The expansion of monoculture plantations has led to the expulsion of small farmers from the countryside, with rural families finding themselves hemmed in by soy fields, and the resultant spraying of toxic chemicals, which takes a toll on their crops, livestock and health. Many end up selling their land at low prices to agricultural companies, and flocking to the slums surrounding Asunción and other large cities.

Paraguay is the Latin American country with the greatest concentration of land ownership. The last national agricultural census indicates that 77 percent of farmland is owned by just one percent of the population.

And according to a study by BASE-IS, 70 percent of Paraguay’s farmland belongs to foreign landowners, mainly Brazilian companies.

The land is in the hands of agribusiness, people who have access to land because they have the economic resources to purchase it, said González. “The countryside does not belong to small farmers,” said the activist.
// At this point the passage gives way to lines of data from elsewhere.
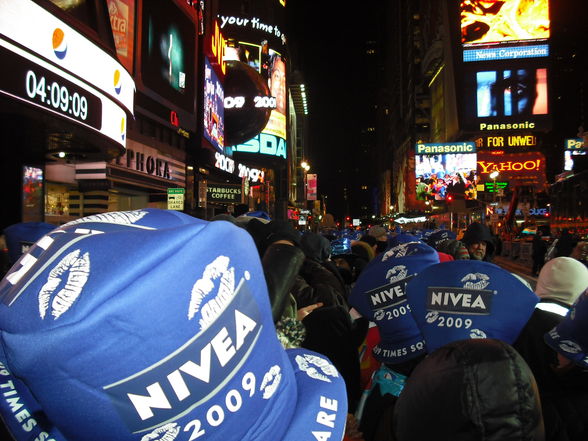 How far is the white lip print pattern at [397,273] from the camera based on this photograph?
2.81 m

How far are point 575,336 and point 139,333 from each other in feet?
6.44

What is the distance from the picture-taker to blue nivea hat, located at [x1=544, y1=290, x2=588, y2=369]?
6.74ft

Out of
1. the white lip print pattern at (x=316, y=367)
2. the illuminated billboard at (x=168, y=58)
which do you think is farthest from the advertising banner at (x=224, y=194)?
the white lip print pattern at (x=316, y=367)

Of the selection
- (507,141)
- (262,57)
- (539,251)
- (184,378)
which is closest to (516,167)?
(507,141)

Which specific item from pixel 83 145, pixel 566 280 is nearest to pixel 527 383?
pixel 566 280

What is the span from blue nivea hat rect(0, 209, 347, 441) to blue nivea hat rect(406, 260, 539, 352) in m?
1.38

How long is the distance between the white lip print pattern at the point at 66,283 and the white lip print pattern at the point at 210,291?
0.63ft

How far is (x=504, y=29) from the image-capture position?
49.9 m

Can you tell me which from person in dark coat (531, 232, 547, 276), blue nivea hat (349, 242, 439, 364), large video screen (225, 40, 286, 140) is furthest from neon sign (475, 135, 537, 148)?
blue nivea hat (349, 242, 439, 364)

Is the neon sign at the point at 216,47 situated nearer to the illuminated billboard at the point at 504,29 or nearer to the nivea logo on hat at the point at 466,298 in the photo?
the nivea logo on hat at the point at 466,298

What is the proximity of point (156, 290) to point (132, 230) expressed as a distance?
157 millimetres

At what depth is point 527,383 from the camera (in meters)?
1.16

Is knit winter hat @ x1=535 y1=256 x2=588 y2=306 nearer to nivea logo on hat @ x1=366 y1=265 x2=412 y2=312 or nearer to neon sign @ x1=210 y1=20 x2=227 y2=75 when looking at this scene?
nivea logo on hat @ x1=366 y1=265 x2=412 y2=312

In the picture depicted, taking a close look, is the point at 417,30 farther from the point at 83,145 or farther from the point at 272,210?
the point at 83,145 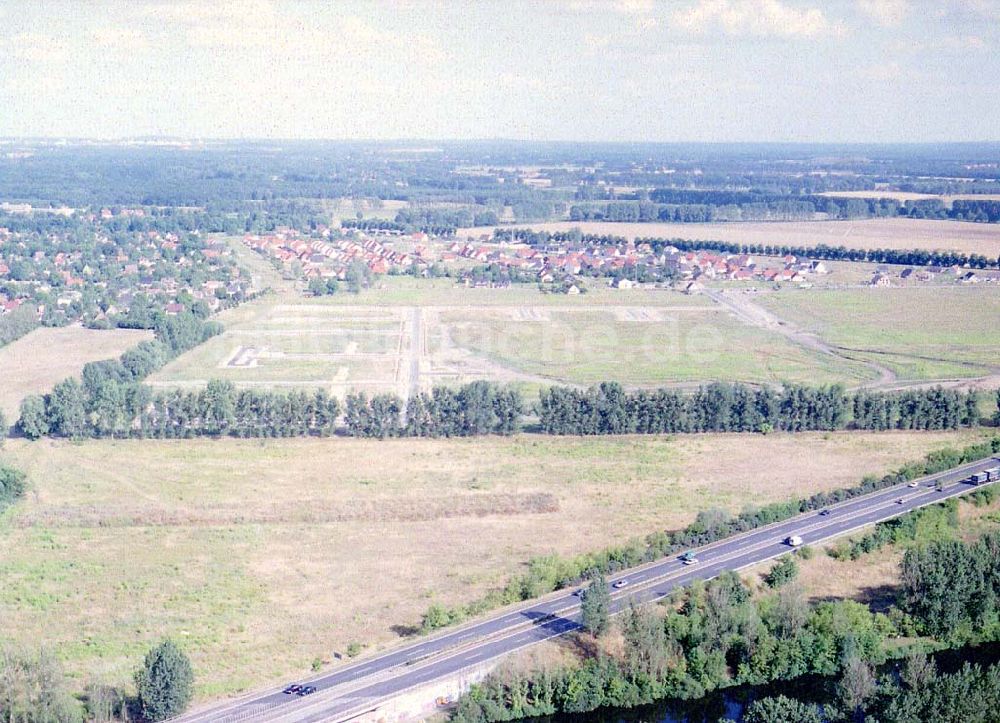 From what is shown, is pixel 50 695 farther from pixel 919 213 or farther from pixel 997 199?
pixel 997 199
Herminio Medina, executive director of the Unión de Gremios de la Producción (UGP) agribusiness association, said the presidential decree outlines regulations that are impossible to live up to, but that the draft law is in line with the standards followed in the rest of South America.
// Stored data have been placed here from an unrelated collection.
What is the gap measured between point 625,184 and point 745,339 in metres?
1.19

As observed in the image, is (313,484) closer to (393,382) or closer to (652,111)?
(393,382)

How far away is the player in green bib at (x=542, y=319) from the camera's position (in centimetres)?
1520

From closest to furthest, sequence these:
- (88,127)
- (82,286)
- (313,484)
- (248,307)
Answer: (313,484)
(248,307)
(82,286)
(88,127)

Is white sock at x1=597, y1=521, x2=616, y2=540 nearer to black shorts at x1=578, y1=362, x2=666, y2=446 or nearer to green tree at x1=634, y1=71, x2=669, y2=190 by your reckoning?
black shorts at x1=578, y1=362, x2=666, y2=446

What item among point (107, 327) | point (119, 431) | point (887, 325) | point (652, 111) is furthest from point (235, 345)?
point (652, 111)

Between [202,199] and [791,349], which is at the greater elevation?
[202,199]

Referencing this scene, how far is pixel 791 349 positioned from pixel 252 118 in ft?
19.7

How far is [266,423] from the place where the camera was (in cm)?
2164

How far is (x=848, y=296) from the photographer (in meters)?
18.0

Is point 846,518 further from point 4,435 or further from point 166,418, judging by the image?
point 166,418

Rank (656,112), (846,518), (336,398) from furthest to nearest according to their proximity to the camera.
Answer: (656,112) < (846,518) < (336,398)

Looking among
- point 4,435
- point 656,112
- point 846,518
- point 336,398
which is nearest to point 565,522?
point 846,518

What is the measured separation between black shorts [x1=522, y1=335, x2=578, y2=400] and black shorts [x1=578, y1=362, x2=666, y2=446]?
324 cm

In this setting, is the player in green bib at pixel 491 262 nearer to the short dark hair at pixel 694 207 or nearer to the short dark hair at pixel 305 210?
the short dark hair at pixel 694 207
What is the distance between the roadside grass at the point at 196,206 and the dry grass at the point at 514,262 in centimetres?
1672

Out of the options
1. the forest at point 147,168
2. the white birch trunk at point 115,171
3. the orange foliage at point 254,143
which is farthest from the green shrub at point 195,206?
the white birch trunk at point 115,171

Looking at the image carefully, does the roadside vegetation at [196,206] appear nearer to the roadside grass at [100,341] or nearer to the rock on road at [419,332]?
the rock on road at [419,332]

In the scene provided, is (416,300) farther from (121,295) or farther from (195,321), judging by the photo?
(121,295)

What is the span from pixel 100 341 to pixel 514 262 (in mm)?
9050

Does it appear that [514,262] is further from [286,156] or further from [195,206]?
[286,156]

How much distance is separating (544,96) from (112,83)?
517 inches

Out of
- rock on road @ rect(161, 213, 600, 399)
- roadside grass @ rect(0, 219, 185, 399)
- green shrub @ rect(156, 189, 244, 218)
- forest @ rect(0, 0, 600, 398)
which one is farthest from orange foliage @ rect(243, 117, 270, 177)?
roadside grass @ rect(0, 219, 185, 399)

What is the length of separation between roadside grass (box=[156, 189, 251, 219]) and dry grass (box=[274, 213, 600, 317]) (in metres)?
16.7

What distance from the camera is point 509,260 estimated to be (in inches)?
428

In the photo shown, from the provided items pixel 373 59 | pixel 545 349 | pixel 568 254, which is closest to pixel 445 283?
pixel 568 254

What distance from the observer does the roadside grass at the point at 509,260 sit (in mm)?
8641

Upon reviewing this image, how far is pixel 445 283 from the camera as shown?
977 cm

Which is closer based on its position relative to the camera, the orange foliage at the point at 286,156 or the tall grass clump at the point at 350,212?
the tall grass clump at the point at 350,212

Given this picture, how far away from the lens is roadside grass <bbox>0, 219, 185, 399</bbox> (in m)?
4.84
Soy producers argue that the decree would reduce farmland. “The decree establishes an excessively large buffer area where agrochemicals cannot be used,” he told IPS.

Large-scale producers argue that some of the positions expressed against the use of pesticides and herbicides are out of touch with the mechanised agriculture that is expanding in Paraguay.

But social organisations complain that the draft law passed by Congress represents a major setback in creating regulations for the use of toxic agrochemicals.

“The global tendency is to create safer conditions, but this law represents a step backwards in terms of health safeguards,” said González.

Studies show that children in soy-producing areas suffer from skin ailments, headaches, nausea, vomiting and other health problems, and that rates of congenital deformities, cancer and miscarriages are unusually high. Local residents and activists blame the health problems on the indiscriminate use of agrochemicals on surrounding soy plantations.

The legislators “said ‘no’ to life and ‘yes’ to death when they passed the law. And I feel bad when I think about our children, because they have the right to a healthy life,” said Villasboa, who pointed out that no one went to jail for her son Silvino’s death.